(Crawled caption data)
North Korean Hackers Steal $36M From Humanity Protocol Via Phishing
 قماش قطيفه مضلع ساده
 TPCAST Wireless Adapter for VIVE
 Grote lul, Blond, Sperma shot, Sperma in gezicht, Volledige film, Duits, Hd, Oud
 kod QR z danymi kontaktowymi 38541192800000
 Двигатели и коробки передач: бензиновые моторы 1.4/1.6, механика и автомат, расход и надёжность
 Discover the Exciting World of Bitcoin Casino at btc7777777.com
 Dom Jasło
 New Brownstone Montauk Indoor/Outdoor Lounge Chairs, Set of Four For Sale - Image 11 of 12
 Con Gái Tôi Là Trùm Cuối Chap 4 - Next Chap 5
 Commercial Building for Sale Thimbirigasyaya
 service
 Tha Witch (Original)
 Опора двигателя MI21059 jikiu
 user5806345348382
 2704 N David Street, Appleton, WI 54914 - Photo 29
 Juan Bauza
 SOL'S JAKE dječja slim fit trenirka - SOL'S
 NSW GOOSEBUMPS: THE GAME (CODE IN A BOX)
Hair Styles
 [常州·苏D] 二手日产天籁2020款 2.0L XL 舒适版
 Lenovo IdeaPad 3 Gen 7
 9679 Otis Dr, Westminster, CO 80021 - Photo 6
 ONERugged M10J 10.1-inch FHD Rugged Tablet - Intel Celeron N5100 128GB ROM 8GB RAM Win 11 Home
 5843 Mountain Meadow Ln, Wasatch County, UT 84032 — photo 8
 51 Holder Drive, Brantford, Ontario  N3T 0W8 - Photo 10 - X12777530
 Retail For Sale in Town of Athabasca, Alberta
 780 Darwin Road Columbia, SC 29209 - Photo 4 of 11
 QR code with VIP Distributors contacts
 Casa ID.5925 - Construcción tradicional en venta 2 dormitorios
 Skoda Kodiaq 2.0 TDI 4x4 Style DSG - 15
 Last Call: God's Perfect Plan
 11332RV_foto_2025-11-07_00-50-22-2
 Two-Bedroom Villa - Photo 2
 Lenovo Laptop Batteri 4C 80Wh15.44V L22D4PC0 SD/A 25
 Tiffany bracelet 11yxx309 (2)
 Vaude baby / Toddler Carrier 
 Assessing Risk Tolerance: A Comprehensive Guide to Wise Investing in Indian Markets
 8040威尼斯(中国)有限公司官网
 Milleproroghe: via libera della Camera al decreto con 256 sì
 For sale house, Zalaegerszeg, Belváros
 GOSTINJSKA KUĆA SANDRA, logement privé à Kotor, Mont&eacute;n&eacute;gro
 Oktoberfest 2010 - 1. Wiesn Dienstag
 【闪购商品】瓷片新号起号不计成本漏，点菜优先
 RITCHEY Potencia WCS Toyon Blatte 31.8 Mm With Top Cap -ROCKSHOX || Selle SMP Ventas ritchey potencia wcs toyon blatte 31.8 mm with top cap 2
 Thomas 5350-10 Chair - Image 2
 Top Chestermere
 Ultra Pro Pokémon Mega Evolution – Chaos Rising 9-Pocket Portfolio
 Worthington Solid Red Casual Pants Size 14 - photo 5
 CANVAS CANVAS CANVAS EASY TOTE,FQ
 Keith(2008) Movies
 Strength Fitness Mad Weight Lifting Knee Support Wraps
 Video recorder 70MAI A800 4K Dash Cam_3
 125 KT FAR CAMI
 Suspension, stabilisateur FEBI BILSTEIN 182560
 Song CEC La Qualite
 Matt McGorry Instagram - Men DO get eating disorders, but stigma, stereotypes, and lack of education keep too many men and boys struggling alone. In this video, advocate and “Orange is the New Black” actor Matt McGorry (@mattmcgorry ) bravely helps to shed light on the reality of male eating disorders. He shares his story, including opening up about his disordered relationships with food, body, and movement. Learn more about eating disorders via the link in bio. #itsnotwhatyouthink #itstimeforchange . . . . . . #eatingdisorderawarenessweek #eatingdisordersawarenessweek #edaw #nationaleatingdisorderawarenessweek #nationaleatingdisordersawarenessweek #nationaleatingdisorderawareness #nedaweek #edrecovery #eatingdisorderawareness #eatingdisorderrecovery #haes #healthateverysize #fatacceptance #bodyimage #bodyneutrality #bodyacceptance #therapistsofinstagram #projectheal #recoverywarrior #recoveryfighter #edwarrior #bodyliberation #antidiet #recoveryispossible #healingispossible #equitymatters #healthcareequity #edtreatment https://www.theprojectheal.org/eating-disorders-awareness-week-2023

▶ **WHAT YOU ARE ASKED TO DO**: List each line of the records that holds the string "Lenovo".

▶ **OUTPUT**:
 Lenovo IdeaPad 3 Gen 7
 Lenovo Laptop Batteri 4C 80Wh15.44V L22D4PC0 SD/A 25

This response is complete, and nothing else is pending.